Abstracts of issue 9 (1997)
Book Review

Annegrit Laubenthal (ed.)
Studien zur Musikgeschichte. Eine Festschrift für Ludwig Finscher, Bärenreiter, Kassel 1995 (in collaboration with Kara Kusan-Windwehk).
Review: Oly Psychopedis-Frangou
Annegrit Laubenthal (ed.), Studien zur MusikgeschichteOn the occasion of the sixtieth anniversary of Ludwig Finscher the contributions in this commemorative volume – written by eighty-four scholars of two generations – elaborate a particularly wide range of topics on historical musicology, starting from early Middle Ages and ending up to date with papers on figures like Bartók, Casella, Stravinsky, Schoenberg and Adorno. A common characteristic for most of the papers is that they refer to fields and issues that have been an object for research or have been used as an opportunity for research by Ludwig Finscher himself. As a par excellence representative of the musical-historical approach and research, L. Finscher contributed a lot to expand the boundaries of this approach and to reach its most current dimensions and methodologies.
The democratic spirit, the social and political responsibility and a predisposition for a synthesis between the most accurate historical-philological methods with sociological contents, are common features for most of the contributions. These features place musicology – a conservative and severe discipline – in the avant-garde of the historical-philological disciplines.
Certain common modern features of the methodologies implemented in most of the papers are:
  1. A tendency to link music with other social and artistic fields.
  2. The association with contemporary trends in aesthetics, linguistics and analysis.
  3. In the papers dealing with analysis and the interpretation of certain works, the scrutiny of absolute music from a literary-critical point of view that refer to semantic dimensions of these works.
  4. The comparative reference and critical approach of the works in terms of the history of genres, forms and styles – a method that encompasses the force of German musicology.
It would take a whole team of musicologists for an analytical discussion of this volume. Besides, such and endeavor would be possible only in the context of particular specialized research on relevant topics. The review of this volume displays the most important issues approached by the contributors, such as the problem about attributing content different from the composers intentions, the problems and contradictions of teaching music theory on an academic level, the relation between music analysis and other fields (like philosophy, mathematics, logics, physics, linguistics, psychoanalysis), the issues concerning aesthetic judgment in the tradition of the Enlightenment and many more.
Finally, the review makes a special reference to the paper of Andreas Jaschinsky about the new edition of the music encyclopedia Musik in Geschichte und Gegenwart. Ludwig Finscher – as a successor of Fr. Blume – is the general editor of the new edition. Special reference is made to the new spirit that distinguishes this edition from the old one. This new spirit is reinforced by the tendency to illuminate the same subjects in various entries and from various points of view. It is also reinforced by the methodological principle of introducing the topics historically and systematically as well.
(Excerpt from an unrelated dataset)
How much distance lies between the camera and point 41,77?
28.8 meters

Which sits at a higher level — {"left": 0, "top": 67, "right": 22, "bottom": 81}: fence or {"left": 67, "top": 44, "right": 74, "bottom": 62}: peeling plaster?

The editors are interested in including specialized knowledge from neighboring disciplines (philology, physics, mathematics etc.), as well as entries concerning the history of music since 19th century – areas that have been considered peripheral or marginal. The editors had to respond to the challenges of contemporary accumulated information and of the rapid development of interdisciplinary research that refers to future. This is one of the most important publishing achievements of contemporary musicology, considering that the entries included are not constrained just to inform readers, but they are designed to motivate research on new subjects.